To provide an overview of the pain points and unmet needs for micro-merchants (enterprises with less than 10 employees), using statistics and results from surveys from a global level with continental snapshots of various differences or similarities. This information will be used to inform a landscape assessment of small and medium businesses.

Early Findings

Overview

  • Micro, small and medium enterprises (MSMEs) face various pain points and unmet needs in the different phases of business including launch, expansion, business-as-usual, and growth phases.
  • Some of these pain points and unmet needs include: challenges in financing; difficulties in acquiring new and maintaining existing customers; challenges in recruiting and retaining talent; and struggling with red tape than doing actual business.
  • According to the World Bank, micro enterprises are businesses employing less than 10 permanent workers.

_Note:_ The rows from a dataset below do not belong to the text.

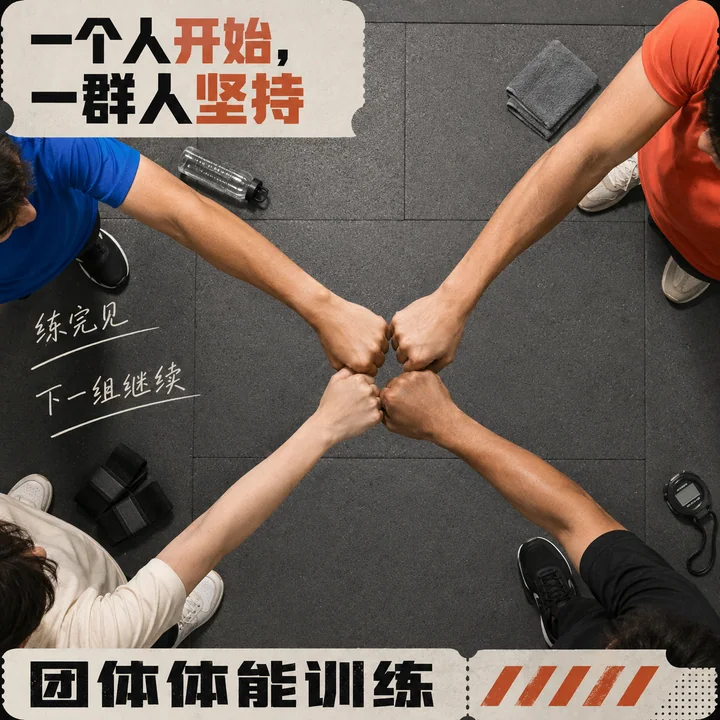 青年文化杂志风俯拍团练海报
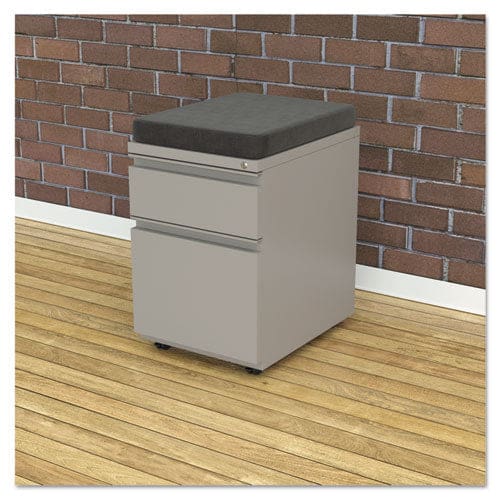 Alera Pedestal File Seat Cushion 14.88 X 19.13 X 2.13 Smoke - Furniture - Alera®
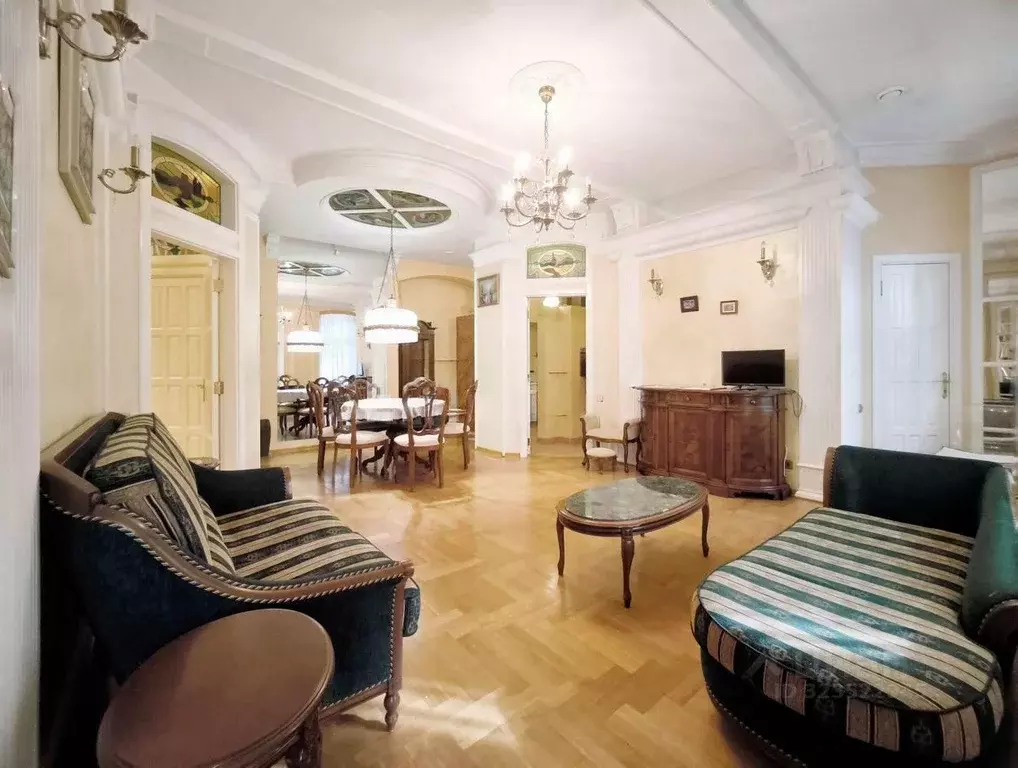 4-к кв. Москва ул. Остоженка, 7С1 (100.0 м) - Фото 1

Pain Points and Unmet Needs in Financing for Micro Enterprises, Globally

  • Some of the pain points in financing that micro enterprises face include: access to startup funding, access to working capital, and access to cheap financing.
  • In general MSMEs are severely underfunded and face "obstacles in borrowing funds because they are small, less diversified, and have weaker financial structures."
  • A study by the International Finance Corporation (IFC) found that the total financing demand for micro enterprises in emerging markets is $882 billion, and the unmet demand is estimated at $718.8 billion, representing 81% of the potential demand from these businesses.
  • "Micro enterprises have relatively higher unmet needs from formal sources, which might be replaced with alternative sources, such as funding from friends and family, business partners, peer-to-peer markets or informal financing arrangements."
  • It is estimated that in developing countries, 21% of micro enterprises are fully financially constrained, 19% are partially financially constrained, and 60% are financially unconstrained. South Asia has the largest proportion of fully and partially financially constrained micro enterprises at 54%, followed by Sub-Saharan Africa at 52%, Europe and Central Asian region at 27%, with Latin America having the lowest proportion at 21%.
  • In relation to women-owned micro enterprises, East Asia has the highest proportion of the micro enterprise finance gap attributed to women-owned businesses at 37%, followed by the Middle East and North Africa region at 29%, and the smallest proportion is in Latin America and the Caribbean with 5%.
  • The top 5 countries with high micro enterprise finance gaps for women as a share of the total micro enterprise finance gap are: Morocco (90%), Thailand (84%), Benin (82%), Kenya (76%), and Guinea (72%).

Summary of Findings

  • From this preliminary hour of research, we determined that information on the challenges and unmet needs for micro enterprises, globally, is relatively available. We provided some insights and statistics relating to financial challenges faced by these businesses, based on a study by IFC.
  • In addition to this public search, we scanned our proprietary research database of over 1 million sources and were unable to find any specific research reports that address the stated goals.